Directions for this task ->
Once you have read the data below, set it all down again exactly.

Dataset content ->
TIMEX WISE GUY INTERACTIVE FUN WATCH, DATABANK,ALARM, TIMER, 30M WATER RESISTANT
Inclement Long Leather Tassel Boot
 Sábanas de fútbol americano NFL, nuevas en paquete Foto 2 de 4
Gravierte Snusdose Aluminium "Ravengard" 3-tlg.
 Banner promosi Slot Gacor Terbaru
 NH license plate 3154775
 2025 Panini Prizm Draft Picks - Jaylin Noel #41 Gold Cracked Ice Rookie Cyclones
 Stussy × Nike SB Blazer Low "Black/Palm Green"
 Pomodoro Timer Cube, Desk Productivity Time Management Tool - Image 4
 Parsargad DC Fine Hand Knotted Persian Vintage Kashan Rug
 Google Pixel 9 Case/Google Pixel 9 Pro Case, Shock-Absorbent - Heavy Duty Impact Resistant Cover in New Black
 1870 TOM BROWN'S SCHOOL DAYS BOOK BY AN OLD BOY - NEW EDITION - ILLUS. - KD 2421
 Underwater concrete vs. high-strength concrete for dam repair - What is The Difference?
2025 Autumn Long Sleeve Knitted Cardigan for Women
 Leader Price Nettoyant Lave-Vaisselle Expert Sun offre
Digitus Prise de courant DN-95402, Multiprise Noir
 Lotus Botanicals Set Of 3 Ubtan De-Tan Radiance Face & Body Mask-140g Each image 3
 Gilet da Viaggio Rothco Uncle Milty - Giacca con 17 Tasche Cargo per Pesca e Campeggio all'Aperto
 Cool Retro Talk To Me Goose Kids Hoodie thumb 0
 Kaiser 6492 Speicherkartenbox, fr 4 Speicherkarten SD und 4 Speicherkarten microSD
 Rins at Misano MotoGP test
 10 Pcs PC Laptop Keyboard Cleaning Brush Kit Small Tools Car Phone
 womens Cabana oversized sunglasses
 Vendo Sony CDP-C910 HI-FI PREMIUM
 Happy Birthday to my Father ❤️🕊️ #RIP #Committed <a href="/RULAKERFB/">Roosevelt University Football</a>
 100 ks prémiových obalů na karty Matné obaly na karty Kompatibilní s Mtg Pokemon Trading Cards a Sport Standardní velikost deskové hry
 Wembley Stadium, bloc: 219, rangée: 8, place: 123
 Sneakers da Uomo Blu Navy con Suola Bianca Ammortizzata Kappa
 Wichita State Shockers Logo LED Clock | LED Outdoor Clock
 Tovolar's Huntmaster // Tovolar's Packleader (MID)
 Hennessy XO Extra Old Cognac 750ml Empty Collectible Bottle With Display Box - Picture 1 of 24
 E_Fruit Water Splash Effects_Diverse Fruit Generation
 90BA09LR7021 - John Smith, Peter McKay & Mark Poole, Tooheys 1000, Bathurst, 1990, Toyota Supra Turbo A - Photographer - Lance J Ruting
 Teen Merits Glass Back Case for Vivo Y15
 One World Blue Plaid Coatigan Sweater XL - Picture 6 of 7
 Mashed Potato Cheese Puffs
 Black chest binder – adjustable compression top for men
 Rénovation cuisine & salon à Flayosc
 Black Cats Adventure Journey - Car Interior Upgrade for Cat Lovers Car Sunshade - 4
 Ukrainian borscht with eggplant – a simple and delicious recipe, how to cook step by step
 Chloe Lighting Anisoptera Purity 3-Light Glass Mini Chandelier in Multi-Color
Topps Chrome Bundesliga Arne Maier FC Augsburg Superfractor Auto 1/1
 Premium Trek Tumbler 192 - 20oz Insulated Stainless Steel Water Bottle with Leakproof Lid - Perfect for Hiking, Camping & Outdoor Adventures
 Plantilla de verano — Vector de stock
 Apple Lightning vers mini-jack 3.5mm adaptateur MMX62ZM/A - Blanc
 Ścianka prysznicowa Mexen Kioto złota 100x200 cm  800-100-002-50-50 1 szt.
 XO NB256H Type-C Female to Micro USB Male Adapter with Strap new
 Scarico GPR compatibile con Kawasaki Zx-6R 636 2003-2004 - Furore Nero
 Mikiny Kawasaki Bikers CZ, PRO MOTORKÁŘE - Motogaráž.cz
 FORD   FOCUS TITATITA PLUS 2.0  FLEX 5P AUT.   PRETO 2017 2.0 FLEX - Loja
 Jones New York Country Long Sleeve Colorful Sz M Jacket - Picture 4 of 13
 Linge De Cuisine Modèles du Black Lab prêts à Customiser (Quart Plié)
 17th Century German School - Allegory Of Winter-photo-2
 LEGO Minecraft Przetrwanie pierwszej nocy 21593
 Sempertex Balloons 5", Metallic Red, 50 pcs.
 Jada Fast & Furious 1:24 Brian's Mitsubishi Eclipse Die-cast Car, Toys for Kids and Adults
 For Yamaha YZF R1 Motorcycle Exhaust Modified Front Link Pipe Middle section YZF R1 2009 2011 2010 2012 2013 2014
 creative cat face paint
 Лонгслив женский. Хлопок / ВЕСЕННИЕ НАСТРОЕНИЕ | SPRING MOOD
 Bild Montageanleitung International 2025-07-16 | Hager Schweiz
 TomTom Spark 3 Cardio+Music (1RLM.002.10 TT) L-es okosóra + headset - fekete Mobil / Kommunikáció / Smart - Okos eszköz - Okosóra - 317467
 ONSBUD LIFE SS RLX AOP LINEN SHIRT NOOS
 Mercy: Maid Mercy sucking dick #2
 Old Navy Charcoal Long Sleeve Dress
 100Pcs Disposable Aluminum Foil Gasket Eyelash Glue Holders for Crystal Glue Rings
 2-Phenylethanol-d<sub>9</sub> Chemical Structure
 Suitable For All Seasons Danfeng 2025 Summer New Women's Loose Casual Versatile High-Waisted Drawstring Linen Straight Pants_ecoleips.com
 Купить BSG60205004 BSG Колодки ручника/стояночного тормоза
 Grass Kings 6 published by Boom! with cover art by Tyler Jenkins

Written response ->
TIMEX WISE GUY INTERACTIVE FUN WATCH, DATABANK,ALARM, TIMER, 30M WATER RESISTANT
Inclement Long Leather Tassel Boot
 Sábanas de fútbol americano NFL, nuevas en paquete Foto 2 de 4
Gravierte Snusdose Aluminium "Ravengard" 3-tlg.
 Banner promosi Slot Gacor Terbaru
 NH license plate 3154775
 2025 Panini Prizm Draft Picks - Jaylin Noel #41 Gold Cracked Ice Rookie Cyclones
 Stussy × Nike SB Blazer Low "Black/Palm Green"
 Pomodoro Timer Cube, Desk Productivity Time Management Tool - Image 4
 Parsargad DC Fine Hand Knotted Persian Vintage Kashan Rug
 Google Pixel 9 Case/Google Pixel 9 Pro Case, Shock-Absorbent - Heavy Duty Impact Resistant Cover in New Black
 1870 TOM BROWN'S SCHOOL DAYS BOOK BY AN OLD BOY - NEW EDITION - ILLUS. - KD 2421
 Underwater concrete vs. high-strength concrete for dam repair - What is The Difference?
2025 Autumn Long Sleeve Knitted Cardigan for Women
 Leader Price Nettoyant Lave-Vaisselle Expert Sun offre
Digitus Prise de courant DN-95402, Multiprise Noir
 Lotus Botanicals Set Of 3 Ubtan De-Tan Radiance Face & Body Mask-140g Each image 3
 Gilet da Viaggio Rothco Uncle Milty - Giacca con 17 Tasche Cargo per Pesca e Campeggio all'Aperto
 Cool Retro Talk To Me Goose Kids Hoodie thumb 0
 Kaiser 6492 Speicherkartenbox, fr 4 Speicherkarten SD und 4 Speicherkarten microSD
 Rins at Misano MotoGP test
 10 Pcs PC Laptop Keyboard Cleaning Brush Kit Small Tools Car Phone
 womens Cabana oversized sunglasses
 Vendo Sony CDP-C910 HI-FI PREMIUM
 Happy Birthday to my Father ❤️🕊️ #RIP #Committed <a href="/RULAKERFB/">Roosevelt University Football</a>
 100 ks prémiových obalů na karty Matné obaly na karty Kompatibilní s Mtg Pokemon Trading Cards a Sport Standardní velikost deskové hry
 Wembley Stadium, bloc: 219, rangée: 8, place: 123
 Sneakers da Uomo Blu Navy con Suola Bianca Ammortizzata Kappa
 Wichita State Shockers Logo LED Clock | LED Outdoor Clock
 Tovolar's Huntmaster // Tovolar's Packleader (MID)
 Hennessy XO Extra Old Cognac 750ml Empty Collectible Bottle With Display Box - Picture 1 of 24
 E_Fruit Water Splash Effects_Diverse Fruit Generation
 90BA09LR7021 - John Smith, Peter McKay & Mark Poole, Tooheys 1000, Bathurst, 1990, Toyota Supra Turbo A - Photographer - Lance J Ruting
 Teen Merits Glass Back Case for Vivo Y15
 One World Blue Plaid Coatigan Sweater XL - Picture 6 of 7
 Mashed Potato Cheese Puffs
 Black chest binder – adjustable compression top for men
 Rénovation cuisine & salon à Flayosc
 Black Cats Adventure Journey - Car Interior Upgrade for Cat Lovers Car Sunshade - 4
 Ukrainian borscht with eggplant – a simple and delicious recipe, how to cook step by step
 Chloe Lighting Anisoptera Purity 3-Light Glass Mini Chandelier in Multi-Color
Topps Chrome Bundesliga Arne Maier FC Augsburg Superfractor Auto 1/1
 Premium Trek Tumbler 192 - 20oz Insulated Stainless Steel Water Bottle with Leakproof Lid - Perfect for Hiking, Camping & Outdoor Adventures
 Plantilla de verano — Vector de stock
 Apple Lightning vers mini-jack 3.5mm adaptateur MMX62ZM/A - Blanc
 Ścianka prysznicowa Mexen Kioto złota 100x200 cm  800-100-002-50-50 1 szt.
 XO NB256H Type-C Female to Micro USB Male Adapter with Strap new
 Scarico GPR compatibile con Kawasaki Zx-6R 636 2003-2004 - Furore Nero
 Mikiny Kawasaki Bikers CZ, PRO MOTORKÁŘE - Motogaráž.cz
 FORD   FOCUS TITATITA PLUS 2.0  FLEX 5P AUT.   PRETO 2017 2.0 FLEX - Loja
 Jones New York Country Long Sleeve Colorful Sz M Jacket - Picture 4 of 13
 Linge De Cuisine Modèles du Black Lab prêts à Customiser (Quart Plié)
 17th Century German School - Allegory Of Winter-photo-2
 LEGO Minecraft Przetrwanie pierwszej nocy 21593
 Sempertex Balloons 5", Metallic Red, 50 pcs.
 Jada Fast & Furious 1:24 Brian's Mitsubishi Eclipse Die-cast Car, Toys for Kids and Adults
 For Yamaha YZF R1 Motorcycle Exhaust Modified Front Link Pipe Middle section YZF R1 2009 2011 2010 2012 2013 2014
 creative cat face paint
 Лонгслив женский. Хлопок / ВЕСЕННИЕ НАСТРОЕНИЕ | SPRING MOOD
 Bild Montageanleitung International 2025-07-16 | Hager Schweiz
 TomTom Spark 3 Cardio+Music (1RLM.002.10 TT) L-es okosóra + headset - fekete Mobil / Kommunikáció / Smart - Okos eszköz - Okosóra - 317467
 ONSBUD LIFE SS RLX AOP LINEN SHIRT NOOS
 Mercy: Maid Mercy sucking dick #2
 Old Navy Charcoal Long Sleeve Dress
 100Pcs Disposable Aluminum Foil Gasket Eyelash Glue Holders for Crystal Glue Rings
 2-Phenylethanol-d<sub>9</sub> Chemical Structure
 Suitable For All Seasons Danfeng 2025 Summer New Women's Loose Casual Versatile High-Waisted Drawstring Linen Straight Pants_ecoleips.com
 Купить BSG60205004 BSG Колодки ручника/стояночного тормоза
 Grass Kings 6 published by Boom! with cover art by Tyler Jenkins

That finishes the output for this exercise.